Bolloré, nouvel actionnaire majoritaire des quatre sociétés scindées
Toutes ces grandes manœuvres ne visent pas seulement à gonfler toujours plus le patrimoine financier des Bolloré. Elles leur permettront aussi de resserrer leur contrôle direct sur les quatre sociétés scindées. Mécaniquement, l’opération fera passer la part du groupe familial dans Vivendi de 29,9 % à 31,04 %, sans avoir à lancer une offre publique d’achat (OPA). Idem concernant Canal Plus à Londres, où l’investisseur étranger est exempté de l’obligation d’OPA.

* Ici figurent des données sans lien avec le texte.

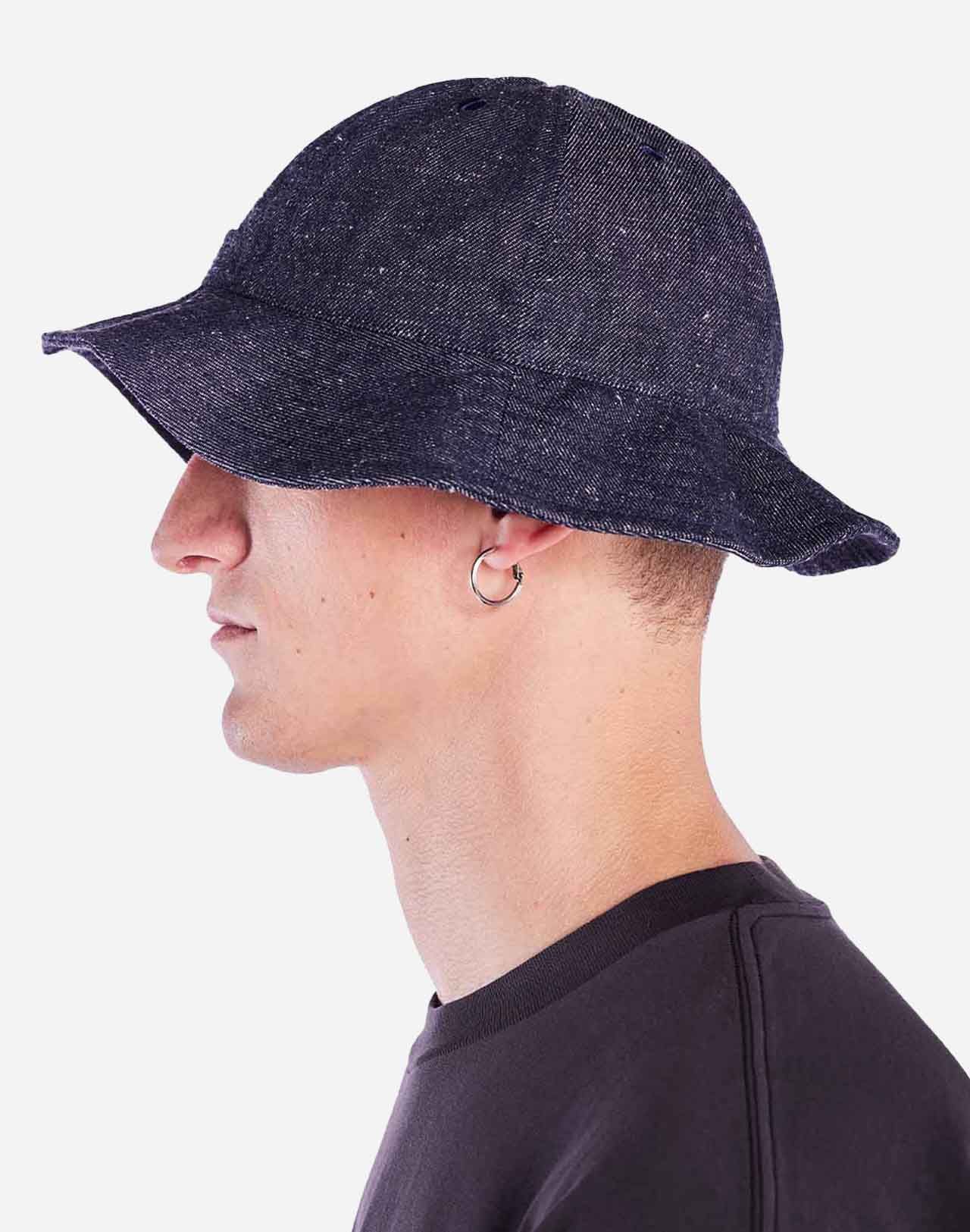 Dark denim Cofan bucket hat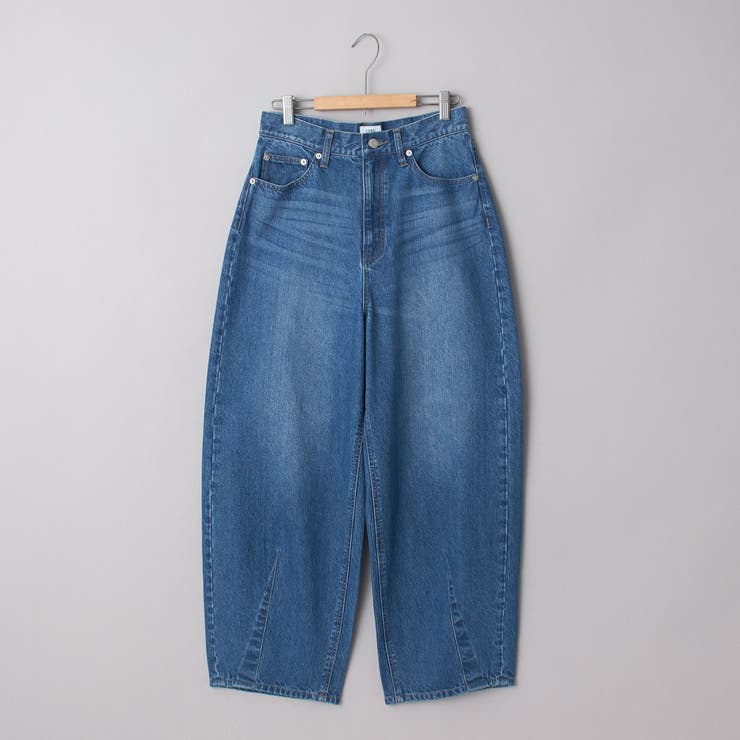 【トレンド＆体型カバー両立/全骨格OK】カーブデニムパンツ | coen【women】 | 詳細画像32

Quant à la Bourse d’Amsterdam, elle offre à Vivendi des droits de vote quadruples alors que la société ne possédera que 31 % du capital. Libre ensuite à la famille Bolloré « de faire évoluer sa détention dans les sociétés qu’elle contrôle sans que cela ne bénéficie aux autres intérêts minoritaires », dénonçait Phitrust, société de gestion opposée à la découpe.
Si l’opération s’est déroulée sans anicroche au Théâtre des Folies Bergère où s’est tenue l’assemblée des actionnaires, elle n’est pas allée de soi au-dehors, où des militants du collectif d’associations environnementalistes et citoyennes ont déployé leur campagne « Désarmer Bolloré ». « Cette AG, c’est la convergence entre l’empire industriel et médiatique de Bolloré et son positionnement politique : celui de la propagation d’une extrême droite conservatrice aux idéologies racistes, néocoloniales, sécuritaires et climato-négationnistes », soulignait l’appel à manifester.